**TASK STATEMENT**
The listing below is to be duplicated exactly, with every picture omitted.

**DATA**
□ □ □

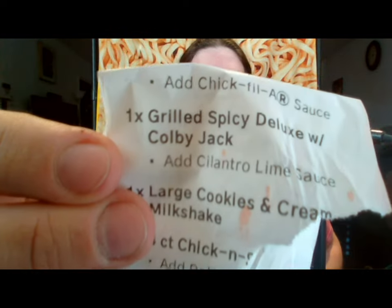They've had their original chicken sandwich in a spicy for a while. You can only get this new spicy grilled in a deluxe. The deluxe is supposed to come with lettuce, tomato, and cheese. And according to my receipt, it says grilled spicy deluxe with Colby Jack.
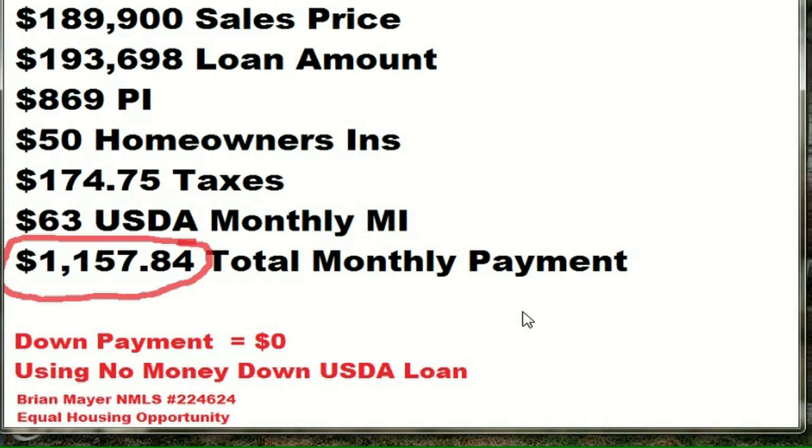Thank you, Margaret. I actually did a cost estimate or a breakdown on this house. I want to go over that real quick. If you were to pay the full price using a USDA loan at today's current 3.5%, the loan amount would be $193,000. You'd only be paying $1,157.84 a month. So for under $1,200 a month, you could get into this house with a USDA loan, no money down. If you'd like to find out more about this program, please give me a call.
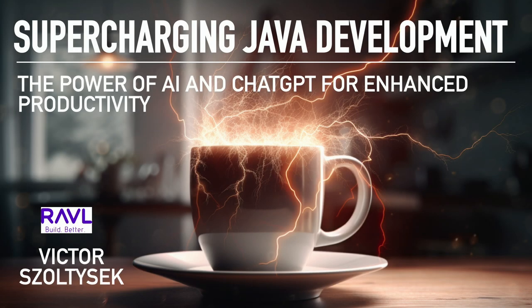My name is Victor Scholtasek. I work for a company called Ravel as a cloud architect. This talk is about ChatGPT and some other AI tools, and how you could use them to enhance your productivity in Java. I've never been as excited about a tool that's increased my workload as much as this one.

□ □ □

**WORKED SOLUTION**
They've had their original chicken sandwich in a spicy for a while. You can only get this new spicy grilled in a deluxe. The deluxe is supposed to come with lettuce, tomato, and cheese. And according to my receipt, it says grilled spicy deluxe with Colby Jack.
Thank you, Margaret. I actually did a cost estimate or a breakdown on this house. I want to go over that real quick. If you were to pay the full price using a USDA loan at today's current 3.5%, the loan amount would be $193,000. You'd only be paying $1,157.84 a month. So for under $1,200 a month, you could get into this house with a USDA loan, no money down. If you'd like to find out more about this program, please give me a call.
My name is Victor Scholtasek. I work for a company called Ravel as a cloud architect. This talk is about ChatGPT and some other AI tools, and how you could use them to enhance your productivity in Java. I've never been as excited about a tool that's increased my workload as much as this one.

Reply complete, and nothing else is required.